Figure 1: The interface guides annotators in human evaluation. Snippet A displays the original oncology report with highlighted sentences extracted automatically. Snippet C lets annotators choose the model for generation, showing its architecture. The middle section (B) presents the chosen model’s generation results, with green words denoting the most learned and relevant features incorporated into the output.

Writing concise radiology reports to communicate findings is crucial. Weber et al. (2020) introduced Structured Oncology Reporting (SOR) to address traditional reporting challenges. Our focus is on using BERT2BERT-based models to summarize German radiology findings in structured reports. We propose BERT2BERT+Ext and BERT2BERT+Ptr to enhance factual correctness in generated conclusions. Both models show significant improvements with minimal changes to the baseline. BERT2BERT+Ext encourages key sentence reconstruction during training, while BERT2BERT+Ptr uses the pointer mechanism to directly copy relevant segments. Despite limitations and imbalanced data, these hybrid models substantially improve the issue of unfaithful facts in baseline-generated conclusions.

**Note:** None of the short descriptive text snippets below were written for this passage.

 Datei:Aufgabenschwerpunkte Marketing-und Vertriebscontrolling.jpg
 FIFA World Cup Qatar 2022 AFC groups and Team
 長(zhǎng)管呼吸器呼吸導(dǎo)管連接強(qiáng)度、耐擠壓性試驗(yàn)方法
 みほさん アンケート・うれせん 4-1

When evaluating oncology facts, their correctness must be assessed by experts. Therefore, we show the conclusions generated by the system to experts for evaluation of clinical validity. We perform a human evaluation with two annotators (a radiologist and a final-year medical student) using an explanatory interface (Figure 1) to aid understanding. The assessment (Figure 2) considers oncologic correctness, non-oncologic correctness, and understandability with four rating levels: Without Findings (WE), Partial Response (PR), Stable Disease (SD), Progressive Disease (PD). A score of 0 is unacceptable, and 5 indicates complete correctness. Abstractive models score close to 5 for WE, while SD scores are comparable to human-written conclusions except for the baseline model. PR and PD summaries are more challenging due to complexity and limited training examples. Hybrid models outperform the baseline, with BERT2BERT+Ext+Ptr being the most accurate across patient degree categories.

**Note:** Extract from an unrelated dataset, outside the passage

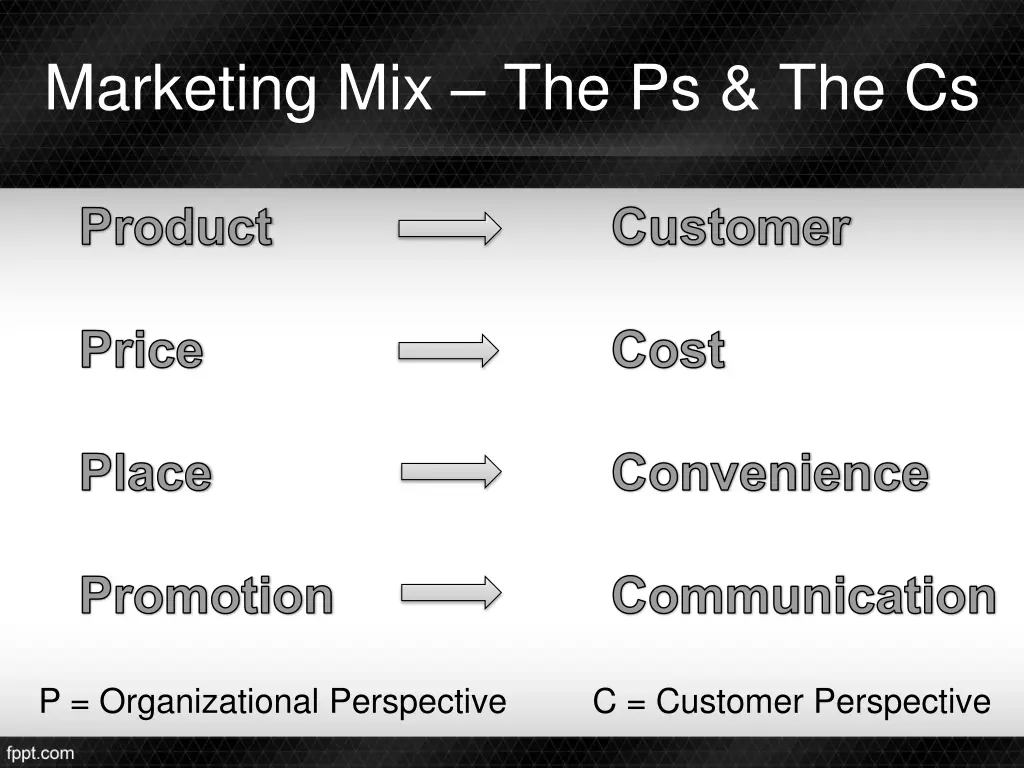 marketing mix the ps the cs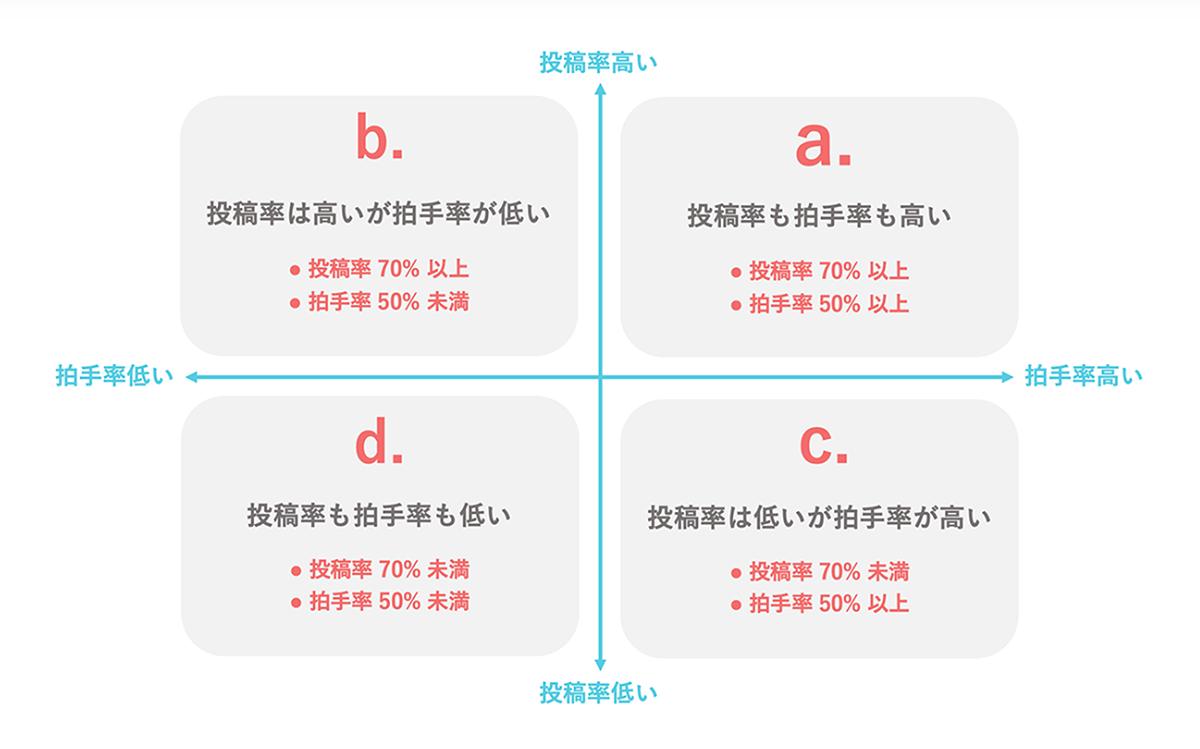 投稿率拍手率マトリクス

Figure 2: Average scores with standard deviation for the three criteria: Oncological correctness, non-oncological correctness and comprehensibility.


Liang, Siting, et al. “Fine-tuning BERT models for summarizing German radiology findings.Proceedings of the 4th Clinical Natural Language Processing Workshop. 2022.

Weber, Tim Frederik, et al. “Improving radiologic communication in oncology: a single-centre experience with structured reporting for cancer patients.” Insights into Imaging 11 (2020): 1-11.